Q2 In how many ways can you pass out candy if each child must receive at least one piece?
From Q1 It was shown that there are 3^9 different ways to hand out the candies to three children in general, this is the list of functions from that maps candies to children.
Now we must count how many of those functions are onto, where every child gets at least one candy. This can be viewed as the entire set of possible functions minus the complement of the set where each child gets at least one, which is at least one child gets nothing.
How many possibly functions are there where at least one child gets nothing? In order for that to happen, all the candies must go to the same two children. Similar to what was done in Q1.

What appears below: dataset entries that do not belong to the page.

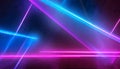 Vibrant neon background with dynamic, intersecting lines in multiple directions. Futuristic, electric hues create an abstract,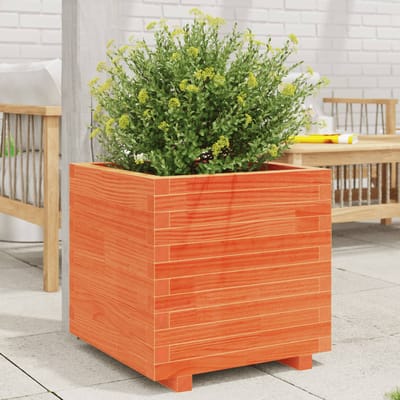 vidaXL - Plantenbak - 50x50x49,5 - cm - massief - grenenhout - wasbruin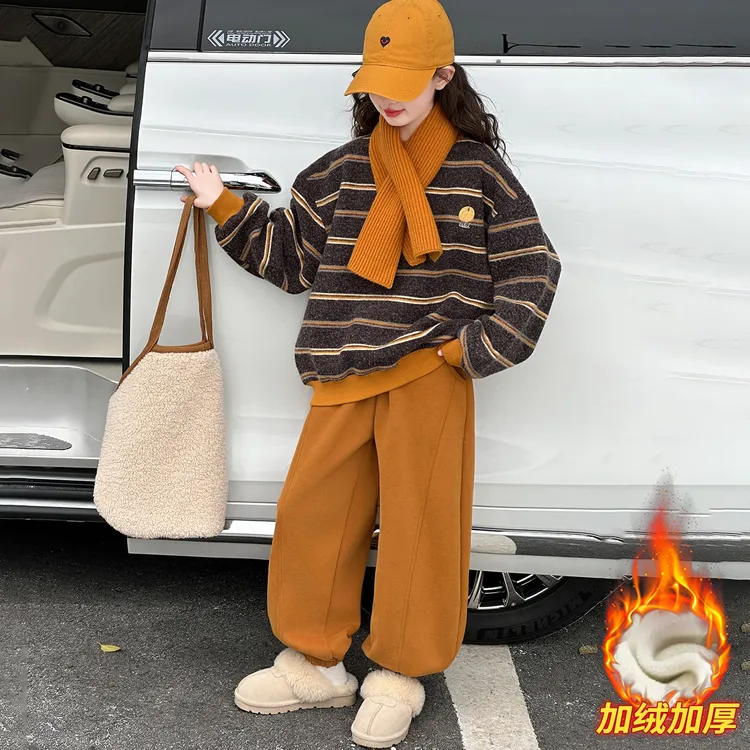 女大童休闲运动套装2025秋冬新款洋气儿童女孩加绒加厚卫衣两件套
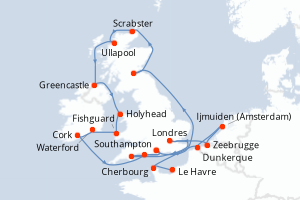Carte itinéraire croisière - 19 jours au départ de Le Havre - Europe du Nord
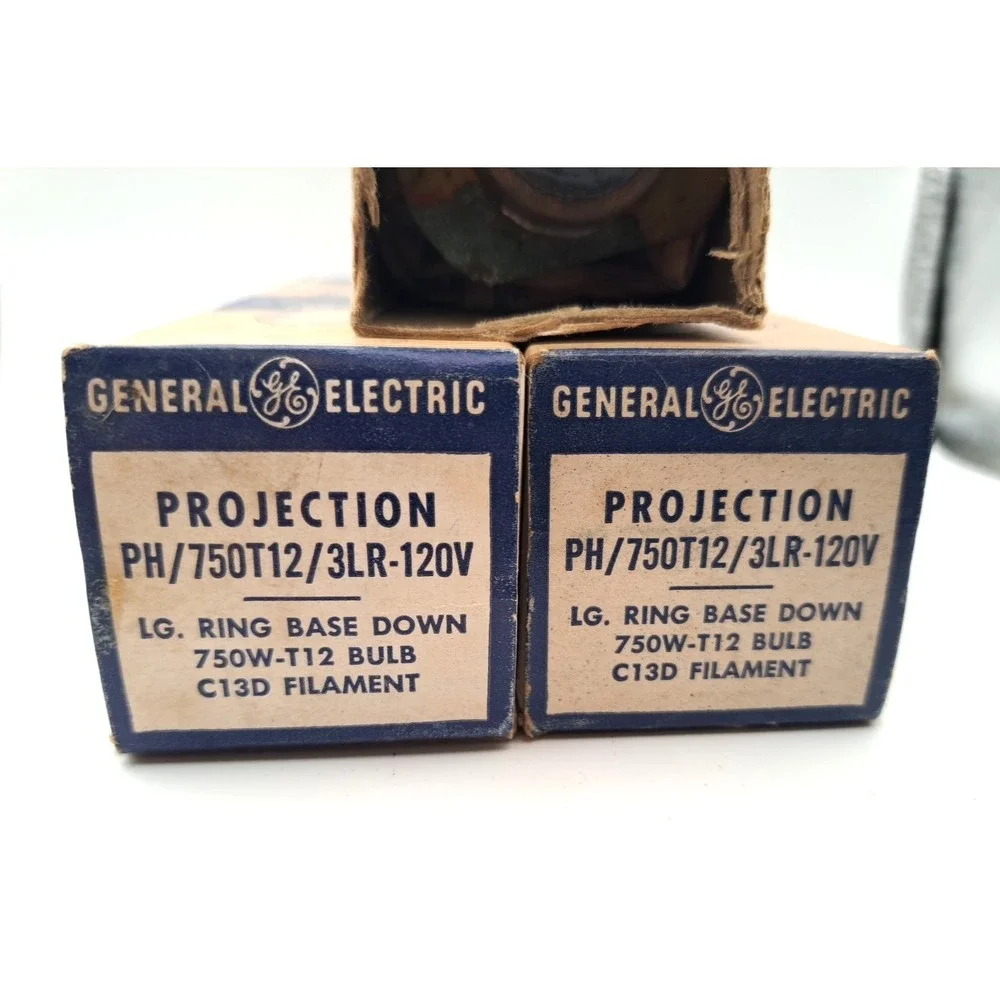 Lot of 3 General Electric 750 Watt Projection Lamps-PH/750T12/3LR-120V NOS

There are two possibilities for the first candy (A or B), it must not go to child C.
2
There are two possibilities for the second candy (A or B), for each of the possibilities for the first candy. It also cannot go to child C.
2∙2
There are two possibilities for the third candy (A or B), for each combination of the first and second. Again, it cannot go to child C.
2∙2∙2
Follow the logical pattern, and you will get
2∙2∙2∙2∙2∙2∙2∙2∙2 = 2^9
There are 2^9 possibilities where children A and B get everything.

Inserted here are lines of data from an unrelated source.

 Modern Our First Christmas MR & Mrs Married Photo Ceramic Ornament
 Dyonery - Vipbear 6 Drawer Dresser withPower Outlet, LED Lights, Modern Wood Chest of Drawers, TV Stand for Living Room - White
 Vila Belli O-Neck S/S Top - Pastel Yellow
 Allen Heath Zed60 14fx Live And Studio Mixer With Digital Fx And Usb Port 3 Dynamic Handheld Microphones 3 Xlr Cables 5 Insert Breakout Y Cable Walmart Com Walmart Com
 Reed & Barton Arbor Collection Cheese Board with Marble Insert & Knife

There are 2^9 possibilities where children A and C get everything.
There are 2^9 possibilities where children B and C get everything.

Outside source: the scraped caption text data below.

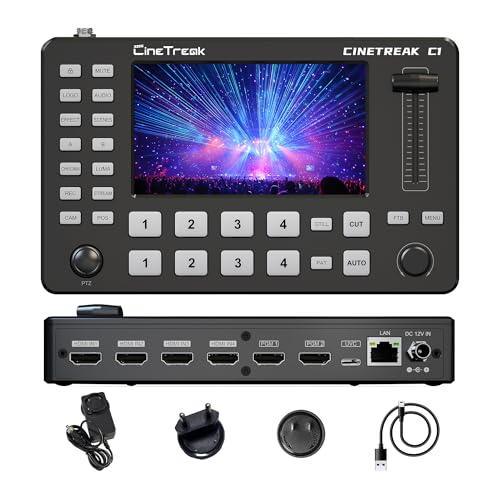 CINETREAK C1 4*HDMI Video Mixer Switcher with 5inch Screen livestream Video Mixer H.264 Recorder with PTZ Camera Control Broadcast switcher Live Production Mixer for OBS,Vmix,YouTube,Ins - style: Cinetreak C1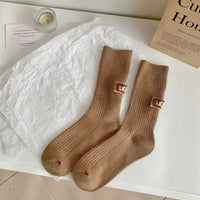 UGC Winter Socks Women's Wool Cashmere Solid Warm Thickened Pile Socks Embroidered Logo Mid-Calf Socks Casual Snow Boot Sock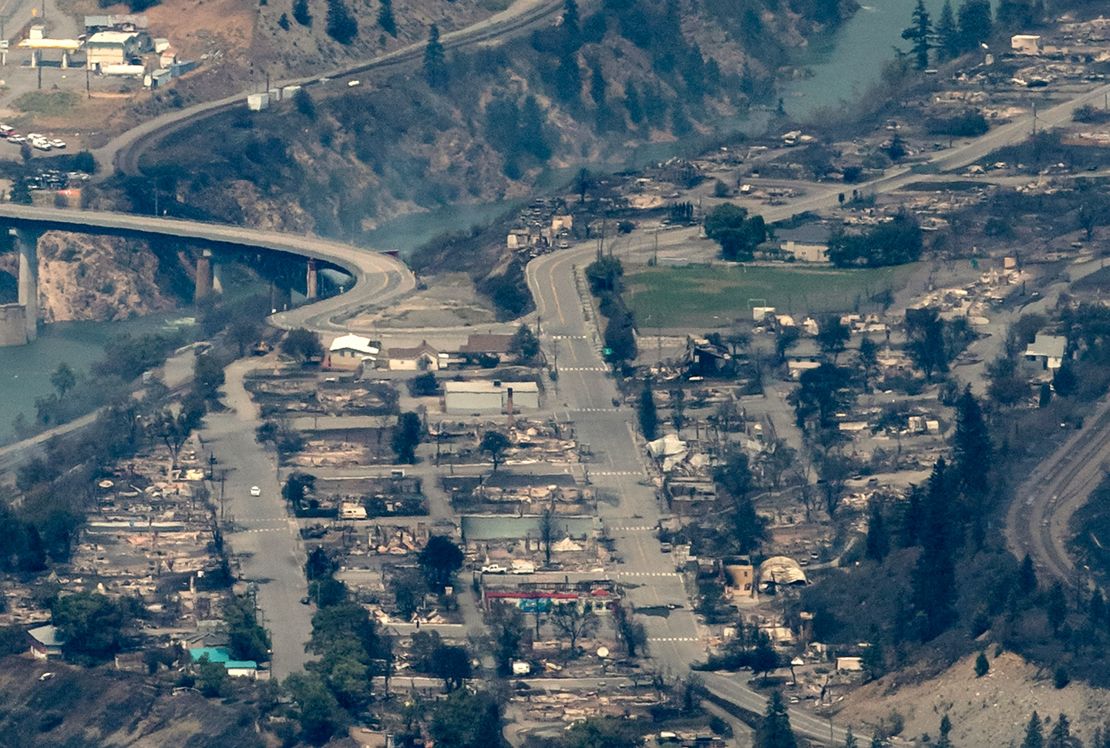 An aerial photo taken from a helicopter on Thursday, July 1, shows the destruction wrought by a wildfire that hit Lytton, British Columbia, on Wednesday, June 30.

So far we see that there are 3∙2^9 possibilities where at least one child gets nothing. The possibility that one child gets everything was also included in the 3∙2^9. In fact, it was included twice. The double counted possibilities must be removed, and we counted each of the three possibilities where one child gets everything twice. We counted A and B get everything, or just A, or just B. We counted A and C get everything, or just A (again), or just C. Finally we counted B and C get everything, or just B (again), or just C (Again).
As you can see we counted A, B, and C twice, so we must subtract three from our complementary set of solutions. The complement Set now looks like:

(3∙2^9-3)

Originally you can note that we were taking the whole set minus the complement of the set that we actually want. The final equation looks like this.

3^9-3∙2^9+3 = 18,150
There are 18,150 different ways to hand out nine candies to three children where each child will get at least one candy


Furthermore it can be shown that the formula for any set of candies and kids where each kid must have one candy is...
K=kids, C=Candy
PK^C-P(K-1)^C+P(K-2)^C-...+P(K-K)^C
There P are the pascal's coefficient on the K+1st tier of the triangle.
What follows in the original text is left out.